Dans les marchés d’Afrique subsaharienne, plus de 90% des transactions de paiement électroniques sont réalisées via des solutions digitales, selon les experts. Et ce n’est pas fini. Le secteur devrait poursuivre sa transformation sous l’effet d’une innovation technologique constante, souvent portée par les fintechs. D’ailleurs une startup tanzanienne, Nala -vainqueur de l’Ecobank Africa FinTech Challenge 2018-, en donne déjà l’exemple.

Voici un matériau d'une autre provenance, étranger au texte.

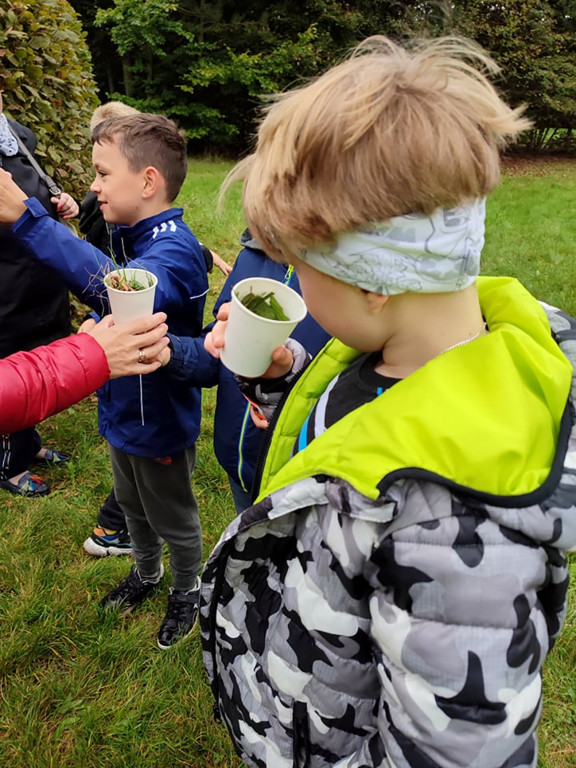 Dzieci strzeleńskiej szkoły na wycieczce w Kurzebieli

Son service permet le paiement mobile offline. Ces réalités rendent le digital tellement omniprésent dans l’industrie des paiements que même le traitement du sujet de la monétique en Afrique met souvent plus l’accent sur les solutions mobiles, un peu comme si la carte était sans impact significatif. De plus, l’expansion des géants mondiaux à travers le Continent et le déploiement des acteurs locaux est presque toujours en lien avec le digital. La carte est-elle menacée ou dépassée dans les marchés subsahariens ?
Tout sauf le cash
Dans les arcanes du secteur en tout cas, on refuse de parler d’adaptation à une consommation africaine de la monétique. «La carte ne peut pas et ne vas pas disparaitre», s’accordent à dire Blaise Akouantchédé et Valentin Mbozo’o, respectivement directeurs du GIM-UEMOA et du GIMAC. «L’objectif de la promotion des moyens de paiement aujourd’hui, poursuit Mbozo’o, est de digitaliser au maximum l’usage du cash. Ainsi, on veut ratisser large et permettre une plus grande utilisation de la carte chez les usagers susceptibles d’y être ouverts et du mobile chez les autres».

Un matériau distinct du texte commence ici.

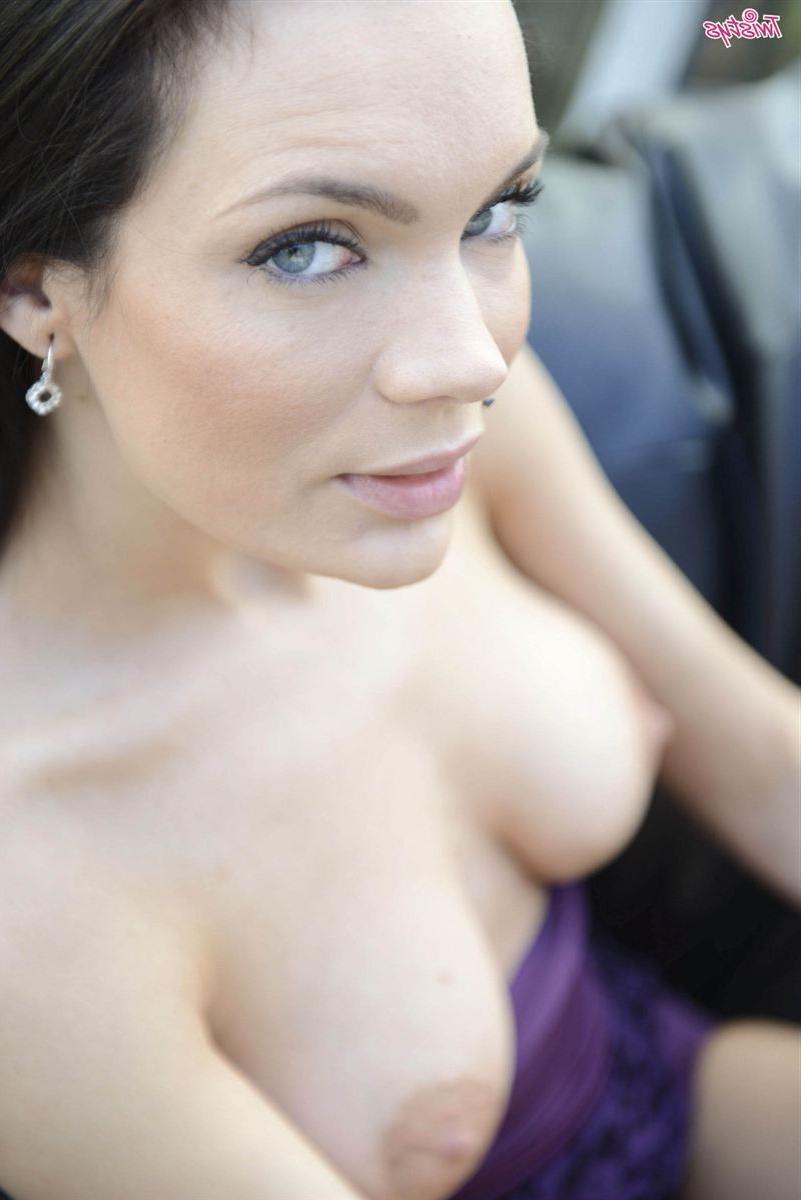 18P Kyla Fox exposes her nice tits on the balcony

Mais partout, le constat est le même : la monétique digitale est le grand favori de l’inclusion financière qui, rappelons-le, est l’un des objectifs cruciaux du développement durable de la Banque mondiale, auxquels le monde du business est appelé à prendre part activement. D’un point de vue pratique, l’avantage du digital réside dans le coût et le facteur temps. C’est rapide et peu coûteux dans un contexte subsaharien où obtenir une carte bancaire peut parfois nécessiter jusqu’à plusieurs semaines d’attente.
Leapfrog
Pour arriver cependant à faire évoluer simultanément l’usage de l’ensemble des outils de la monétique tout en réalisant l’inclusion financière, les acteurs du secteur comptent beaucoup sur les vastes projets d’interopérabilité (cartes, solutions mobiles et plateformes de transfert d’argent) en cours à l’Ouest et au Centre du Continent. Cela étendra le réseau des banques aux populations non bancarisées et élargira par ricochet le marché régional de la monétique. «Je suis convaincu qu’il n’est pas forcément nécessaire d’avoir le même parcours que le reste du monde. En Afrique, il y a des étapes qu’on peut sauter. C’est cela le leapfrog», nous explique Ahmed Coulibaly de ICS.

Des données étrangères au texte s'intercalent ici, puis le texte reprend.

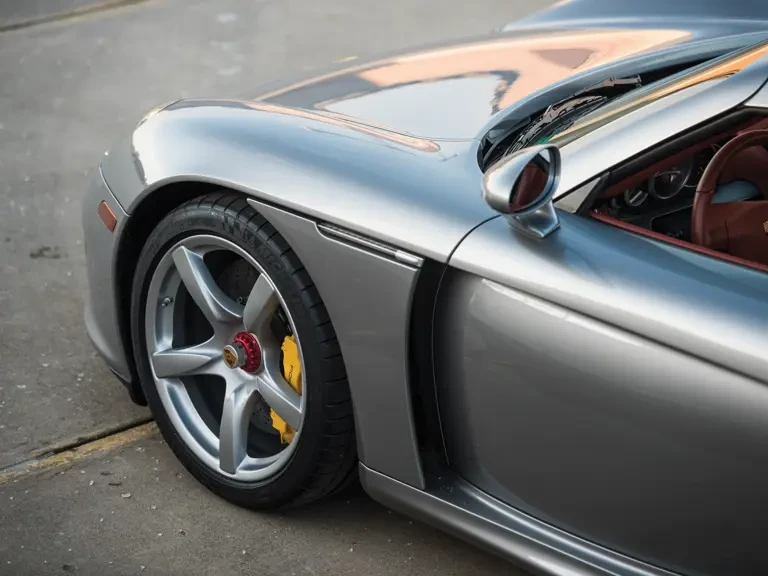 2005 Porsche Carrera GT - Image 15 of 31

«L’une des raisons qui a retardé le développement de la carte dans nos économies, poursuit-il, c’est le déficit technologique. Avant, on n’avait pas d’outils pour la vulgarisation des cartes. Aujourd’hui, nous en avons, mais le mobile a eu l’ingéniosité de révéler une issue plus rapide pour résoudre la problématique de l’inclusion financière. Il y a donc des solutions 100% carte, 100% portefeuille électronique, mais aussi mixtes. A noter qu’on s’avance également vers la carte virtuelle. Il y a des endroits chez nous où la carte serait beaucoup plus propice, il y’en a d’autres où le mobile l’emporte. Il est question aujourd’hui de vulgariser les deux».
Vulgariser les deux, c’est aussi ce vers quoi s’avancent désormais les marchés du nord du Continent. Alors que la carte y a historiquement plus de succès, la promotion des solutions de paiement digital se veut de plus en plus importante. De part et d’autre, toutefois, le volet sécurité des transactions bénéficie d’une attention toujours plus importe pour contrer efficacement la cybercriminalité.